I currently work for a company that uses Aerospike quite heavily. In the past co...

jboggan · on May 6, 2015

What is the rationale for storing monetary values in this sort of system? Not being snarky, just legitimately curious what scale of service could possibly necessitate that and what solutions didn't work beforehand.

CyrusL · on May 6, 2015

Transactions in AdTech are different than normal payments.

For example, imagine an ad campaign spending $30k/month at a rate of $5 per 1,000 impressions. The customer may want their budget spread evenly throughout the month, so the software sets a daily budget of $1000. But this really represents 200,000 daily impressions, each of which is a transaction that subtracts from the available balance in real-time. The buyers software is talking to an ad exchange and keeping track of the budget every time an individual impression is won.

To add some more complexity, the impressions are probably billed as second-price auctions, so they aren't all exactly $0.005 each. Some are $0.00493, some are $0.00471, ect.
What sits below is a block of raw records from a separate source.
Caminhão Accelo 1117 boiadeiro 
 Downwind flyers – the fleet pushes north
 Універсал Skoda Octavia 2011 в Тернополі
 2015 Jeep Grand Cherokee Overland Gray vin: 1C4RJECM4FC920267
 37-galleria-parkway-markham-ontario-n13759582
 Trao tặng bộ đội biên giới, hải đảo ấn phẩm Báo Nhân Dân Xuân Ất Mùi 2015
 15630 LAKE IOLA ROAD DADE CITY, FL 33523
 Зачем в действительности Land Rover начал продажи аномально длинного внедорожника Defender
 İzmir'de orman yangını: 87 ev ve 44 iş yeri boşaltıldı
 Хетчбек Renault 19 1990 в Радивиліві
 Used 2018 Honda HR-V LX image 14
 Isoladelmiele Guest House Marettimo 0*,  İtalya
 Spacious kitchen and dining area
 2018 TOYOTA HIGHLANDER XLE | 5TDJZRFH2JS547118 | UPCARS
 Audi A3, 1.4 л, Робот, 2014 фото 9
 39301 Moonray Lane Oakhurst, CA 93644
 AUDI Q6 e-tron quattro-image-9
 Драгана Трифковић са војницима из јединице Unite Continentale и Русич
Each one of these numbers is reported back from the exchange to the buyer's software in real time and the buyer is responsible for managing their budget.

This is just an example, but hopefully it illustrates how it can become impractical to account for this kind of thing using something more traditional like PostgreSQL. It would be reasonable to log all the impressions to something like Hadoop for the analytical piece of the software, but there needs to be something more real-time for budgeting to prevent overspending. The big ad exchanges can host hundreds of thousands or even millions of auctions per second, so not turning off bidding can be very costly.

This process of auctioning ad impressions across many buyers through an API is called real-time bidding.

hurin · on May 6, 2015

Why does this need to be in real-time, if their daily budget is $1000, you can still wait quite a bit and then apply increments in aggregate (e.g. hourly)? More so it sounds the customers aren't inter-connected - it hardly seems like the complex distributed problem.

cldellow · on May 6, 2015

The impressions may be sparse, e.g. say you're retargeting CEOs (demographic information you're getting from a DSP) who have visited your website in the last month (via a pixel you drop) who are in New York City (via a geoIP DB).

So, fine, a probabilistic model might work well. And you might decide to bid on 100% of impressions. And you might decide that you have to bid $200 CPM to win -- which you're OK doing, because they're sparse.

And then say that FooConf happens in NYC and your aggressive $200 CPM bid 100% of the time blows out your budget.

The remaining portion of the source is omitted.